На мгновение Рикгарду вдруг почудилось, что от влажности здания начнут рушиться: давил сам воздух, словно взвалил на его плечи всю тяжесть забвения Пыльных Городов.
Рикгард невольно улыбнулся на ходу — очень быстро, почти мимолетно, но все-таки улыбнулся. У нее был характер, у этой синтетической штуки. И неважно, откуда он брался и на чем держался. Девчонка была особенной, ни на кого не похожей — совсем как человек.
Главные двери, широко распахнутые на века, остались позади. Воздух в фойе театра тоже поплотнел, стал вязким и чуть скрипел на зубах. В коридорах, где мутные бурые стекла еще пропускали свет, пылинки плясали тревожно и густо.
Рикгард стиснул зубы.
Впереди, за арками, выходящими на лестницу амфитеатра, алела накидка Сальватора. Казалось, что теперь, когда луна спряталась, а вместо солнца на небо выползли желтоватые тучи, нисколько не посветлело, только исчезли тени, а вместо них в помещение протянулся туманом вязкий сумрак.
Рикгард выудил из-за пазухи вырванные из бортового журнала листы. Формула убористыми закорючками тянулась по нижней кромке последней страницы. Но стоило ему бросить взгляд на дно зала, как руки его опустились.
Он не успел.
Мааджит уже взял себе «хозяина». Спрашивал ли он разрешения у Сальватора или для таких процессов формальности были излишни? Рикгард не знал, а Ирис в бортовом журнале Иолы об этом тоже не писала.

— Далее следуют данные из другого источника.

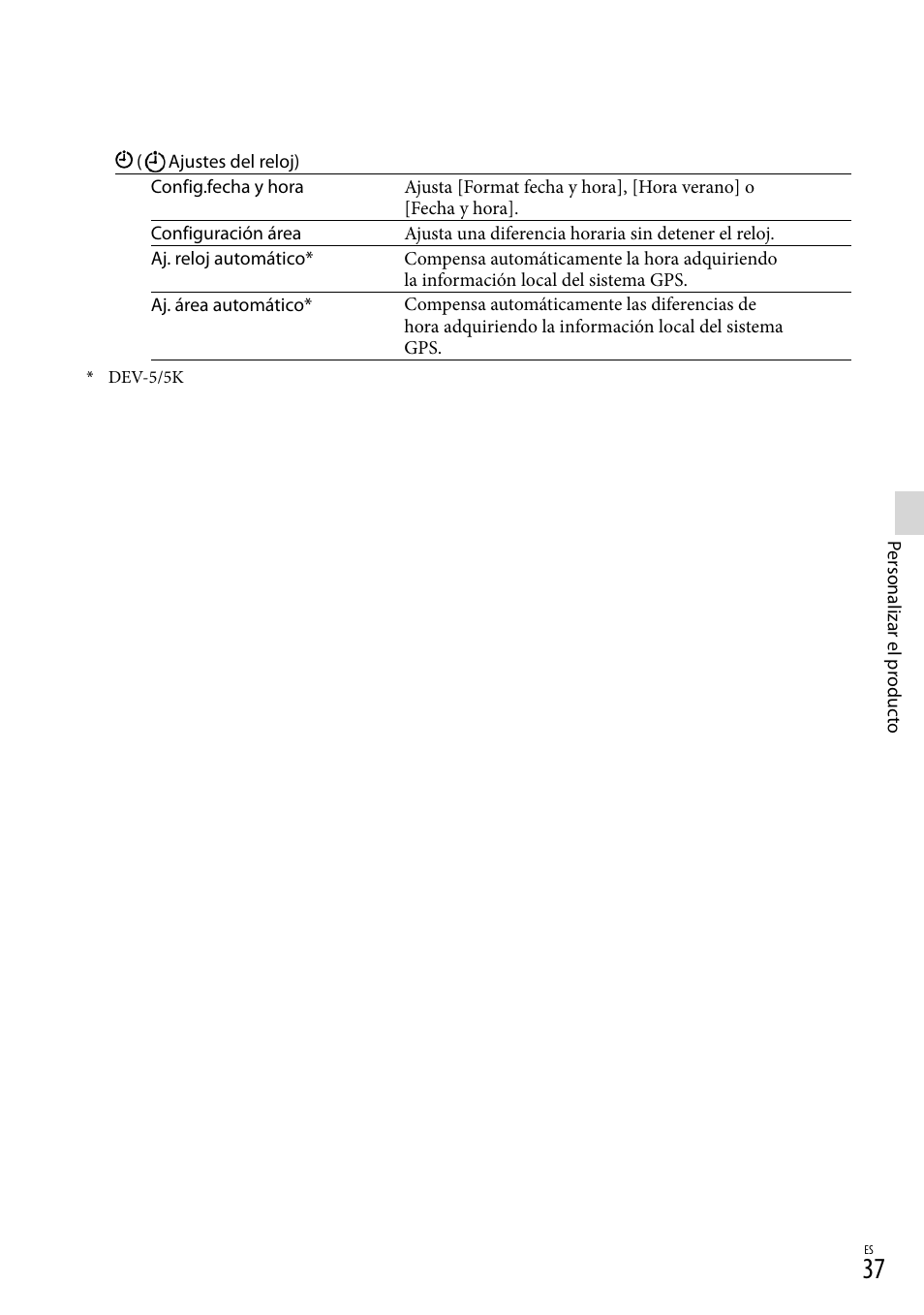 Sony DEV-3 User Manual | Page 205 / 271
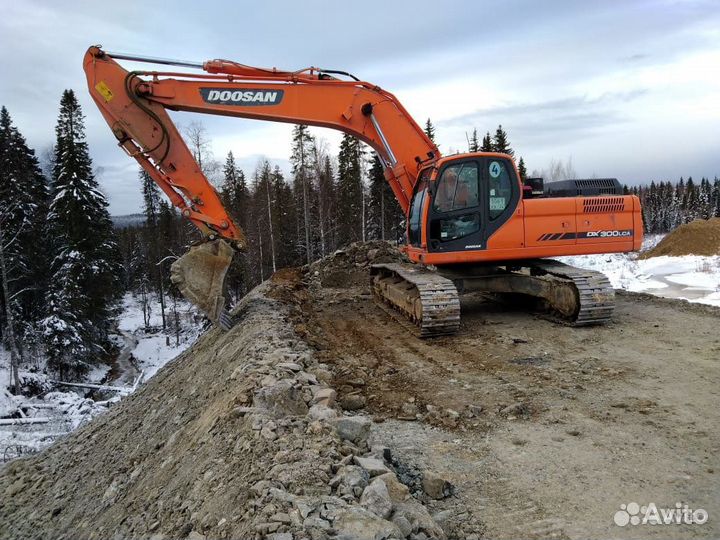 Машинист экскаватора (экскаваторщик)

Аномалия исчезла — в круге было пусто. Цепочка разорвалась, и омеги медленно, один за другим, разворачивались и передвигались, словно фигурки на шахматной доске. Они тихо выстраивались рядами, ровно друг за другом, словно войско, а взгляды их были мутными, бессмысленными, словно они все впали в транс. Их головы неторопливо поднимались.
Мааджит не просто выбрал себе «хозяина». Он выбрал всех омег до единой.
Сальватор не двигался. Его сгорбленная фигура застыла, словно обращенная в камень. Он поднял было руку, словно хотел ею закрыться, но тут же снова замер. О таких способностях аномалий он скорее всего не знал. Ослепленный своими внезапными открытиями, он не предусмотрел непредвиденного.
Где-то под куполом театра вдруг что-то гулко треснуло; потом еще и еще. Рикгард запрокинул голову. Перед глазами засуетились пылинки. Воздух давил нестерпимо.
Сальватор тоже вскинул глаза к потолку.
И тут перекрытия расчертило широкой кривой полосой. Быстро, очень быстро она разрезала пыльные своды и побежала тонкими веточками по сторонам, разрисовывая купол.
В воздухе висела мокрая взвесь: хлопья пыли вбирали в себя влажность, и стены театра уже не выдерживали собственный вес.
В ту самую минуту, когда купол, протяжно заскрипев, разошелся на многотонные глыбы и принялся рассыпаться в прах, омеги вскинули руки. Черный дым потянулся из их пальцев, собрался в плоский рваный диск, который непрестанно вращался, словно водоворот, и взмыл высоко вверх.
Театр рассыпался, но черный диск, раскрывшийся над их головами словно зонт, сдерживал пыльную массу.
Рикгард распахнул глаза только когда улегся кашель. Пыль еще оседала вокруг бурыми клубами, но купол рассыпался, а черный диск высоко в небе исчез так же быстро, как появился. Моросило.
Он запрокинул голову и изумленно понял: начинался дождь. В Пыльных Городах, в аномальной зоне, где за последние века не поднимался даже ветер, занимался ливень.
Сальватор так и стоял поодаль, только волосы его разом поседели, а плащ подбило пыльной оторочкой. Он рассматривал своих омег, и теперь на его губах играла улыбка. Кривая, словно чужая, безумная улыбка, которая Рикгарду никогда не нравилась.